Tag Archives: Guitar Center

GUITAR STORE CONFESSIONS

Photo courtesy of Caitlin Becker

I can count all the times I’ve been complimented in a music store. When I first started learning guitar as a kid, being complimented in a music store was an attainable dream on the list of dreams. It was among the things I wanted in a “Oh that would be nice too” sort of a way. I fantasized about it as recess from the other more extreme fantasies.

This is because a big part of electric guitar is the culture of big tits. For guitar players, big tits = shred, and shred = fancy in-your-face guitar playing that immediately shows off. If you have the big tits of shred, everyone wants to see it. But you’re not allowed to touch someone else’s big tits of shred, you just have to stare and admire it, or envy it. To put it another way, shred is obvious and powerful the way big tits are, and the feelings of attraction and confusion that shred inspires among guitarists are not, I submit to you, entirely different from the feelings many of us have about big tits.

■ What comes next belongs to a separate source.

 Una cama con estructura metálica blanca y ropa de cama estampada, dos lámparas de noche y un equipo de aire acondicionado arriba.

I was 12 when I started taking guitar lessons, and my teacher back then was 13. I remember once, during a lesson in his living room, he told me that he went to a guitar store and bunch of other kids crowded around him and watched him play. “Yes,” I thought to myself as a hapless beginner, “I must have that too someday.” And it was at that moment that I first entered the gladiator’s arena and took my shoes off.

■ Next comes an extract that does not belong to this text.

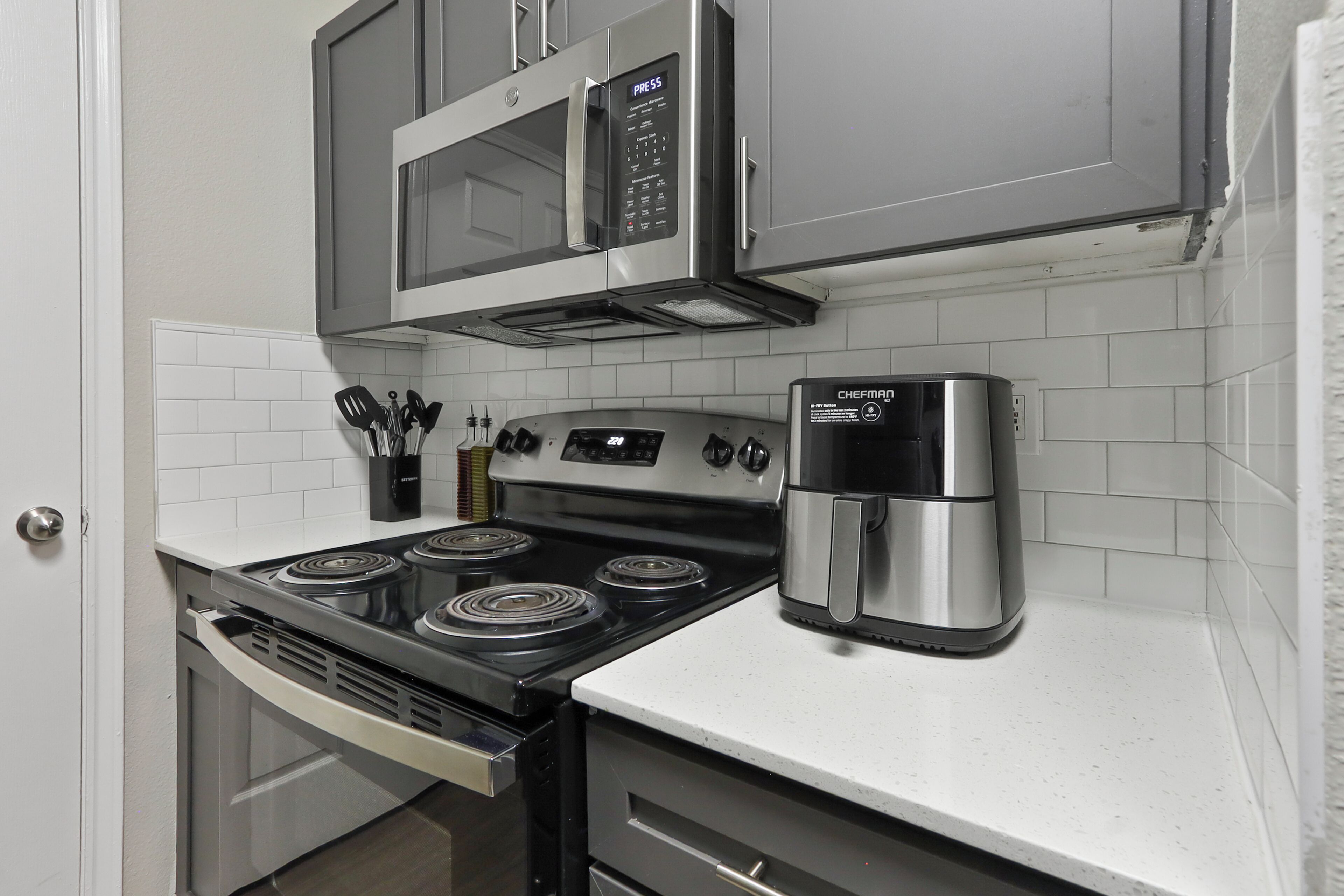 A kitchen with a stainless steel stove, a microwave, and a coffee maker.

All these years later, do you want to know how many times I have received praise in a music store? The answer is 4. You may be wondering, “Is 4 a lot or a little?” You must decide for yourself. Judge my 4 how you will, with all that you know about shred and big tits.

Know too that many people who work in guitar stores are basically Comic Book Guy from The Simpsons. This may explain why 2 of my 4 praises are not from playing guitar but from playing piano. I can imagine that the culture of piano is different, that there’s less silent hatred among players, less overall anxiety in the rat race for shred. Maybe because there’s never quite been a Jimi Hendrix on keyboard.

In any case, I’m not a good piano player, but it has brought me 50% of my music-store props. The first time anyone ever said to me, “Hey, you sound good,” I was diddling around on a keyboard in Teaneck, NJ. I had been playing guitar for about 8 years at that point, and I felt totally ready for someone in a music store to say that I was a shredder. But it didn’t happen until I sat down to play a keyboard, maybe because I wasn’t trying so hard, or maybe because I can only play pleasant, Paul McCartney–type stuff. It happened again at the Guitar Center near Union Square: I was sitting at a piano and people stopped and watched for a while, which counts the same as praise in my scoring system.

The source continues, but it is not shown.